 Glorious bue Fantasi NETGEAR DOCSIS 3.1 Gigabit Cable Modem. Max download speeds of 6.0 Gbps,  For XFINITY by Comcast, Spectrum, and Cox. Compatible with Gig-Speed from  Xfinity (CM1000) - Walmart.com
---
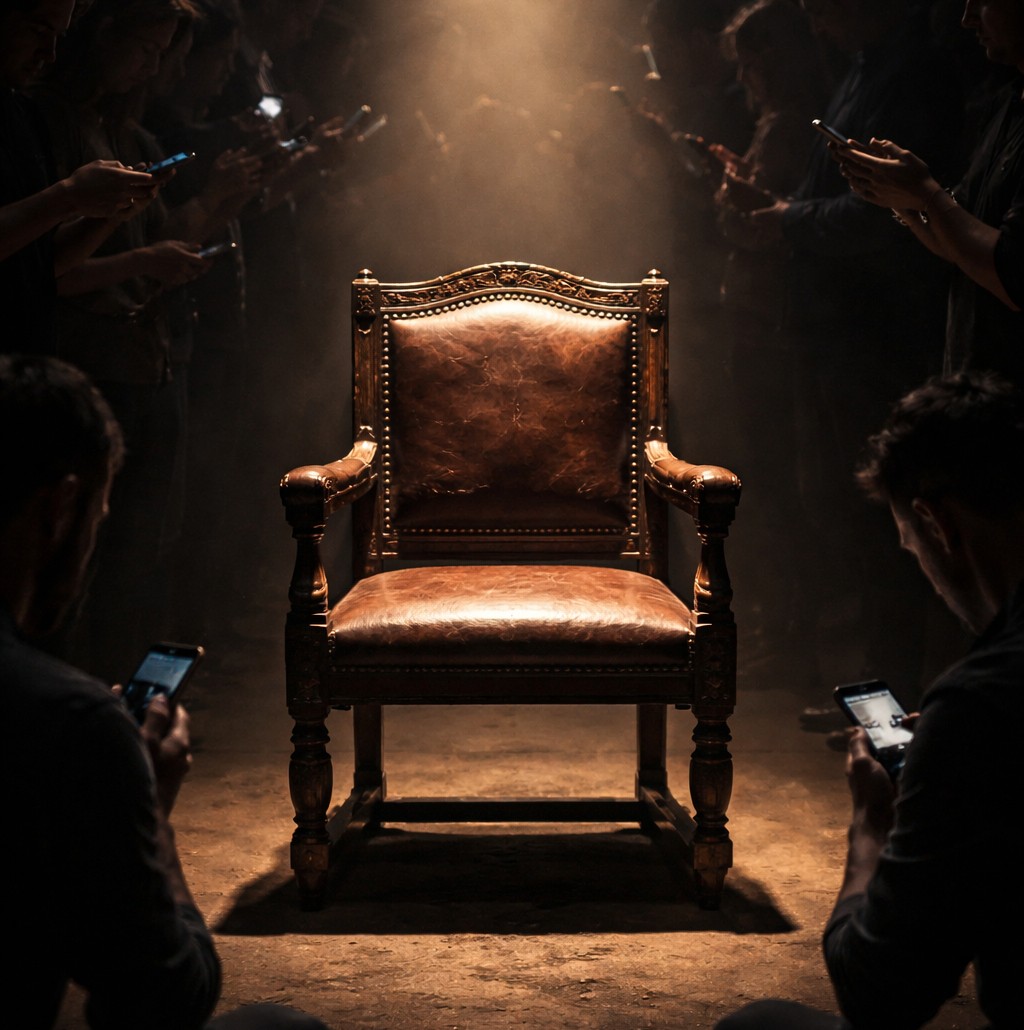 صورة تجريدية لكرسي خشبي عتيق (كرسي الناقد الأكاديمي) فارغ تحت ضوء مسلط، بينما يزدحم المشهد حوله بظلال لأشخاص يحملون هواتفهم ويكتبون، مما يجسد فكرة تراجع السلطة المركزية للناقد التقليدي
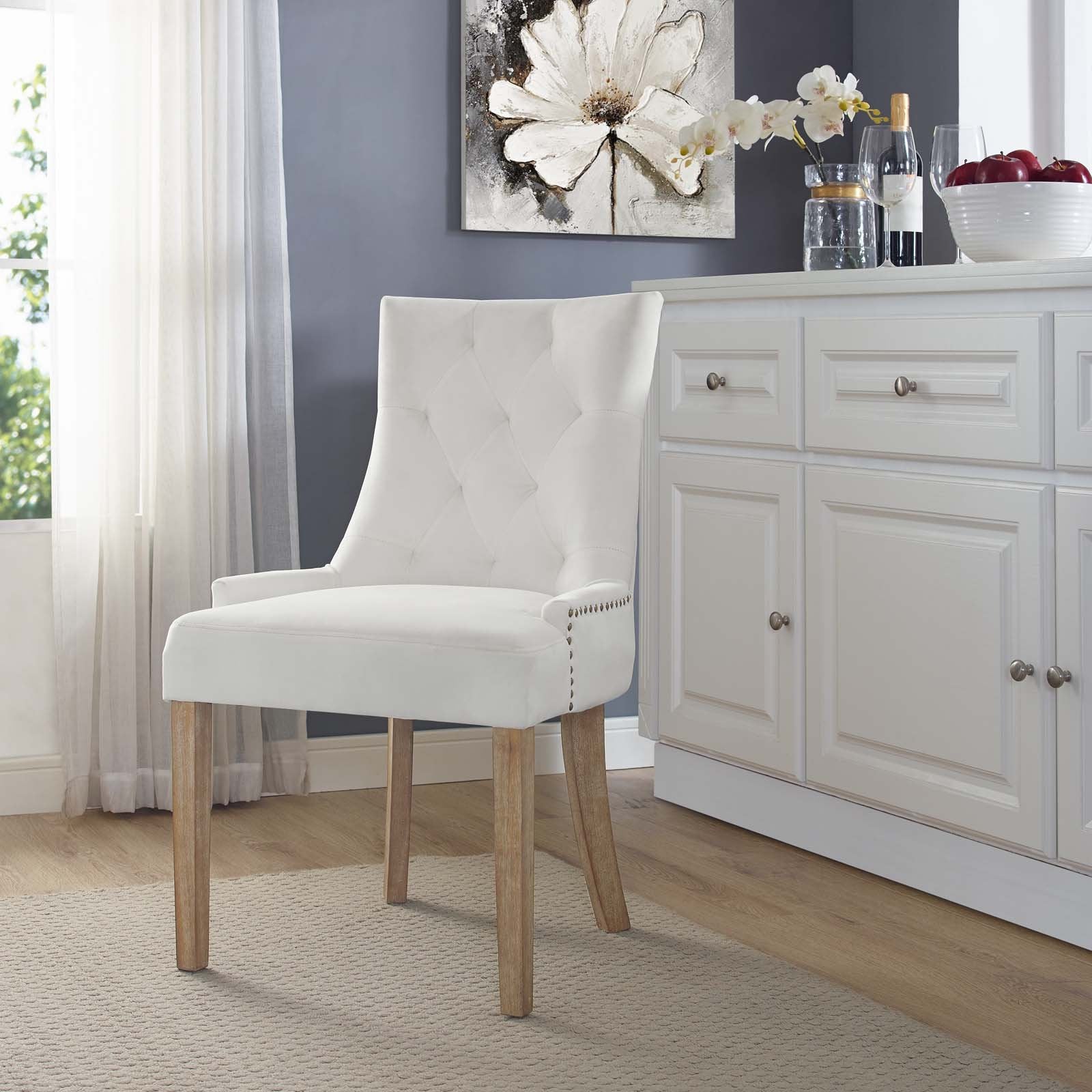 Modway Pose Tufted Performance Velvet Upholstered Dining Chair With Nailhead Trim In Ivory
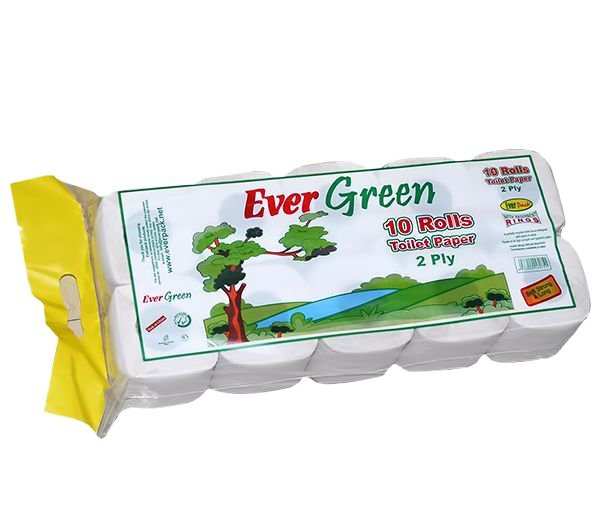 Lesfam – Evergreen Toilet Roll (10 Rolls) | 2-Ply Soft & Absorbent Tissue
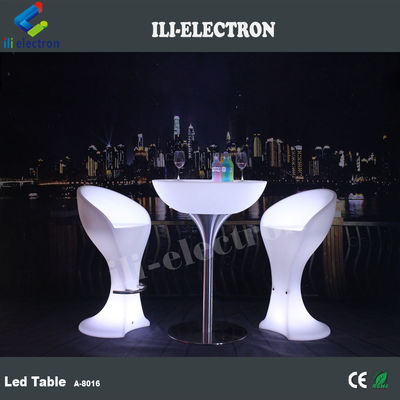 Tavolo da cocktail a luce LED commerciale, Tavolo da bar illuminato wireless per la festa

■ **Task prompt**
Reproduce the data above exactly, but only from the line containing "Lesfam – Evergreen" through the line containing "Tavolo da cocktail"; skip the pictures.

■ **Answer to this problem**
 Lesfam – Evergreen Toilet Roll (10 Rolls) | 2-Ply Soft & Absorbent Tissue
 Tavolo da cocktail a luce LED commerciale, Tavolo da bar illuminato wireless per la festa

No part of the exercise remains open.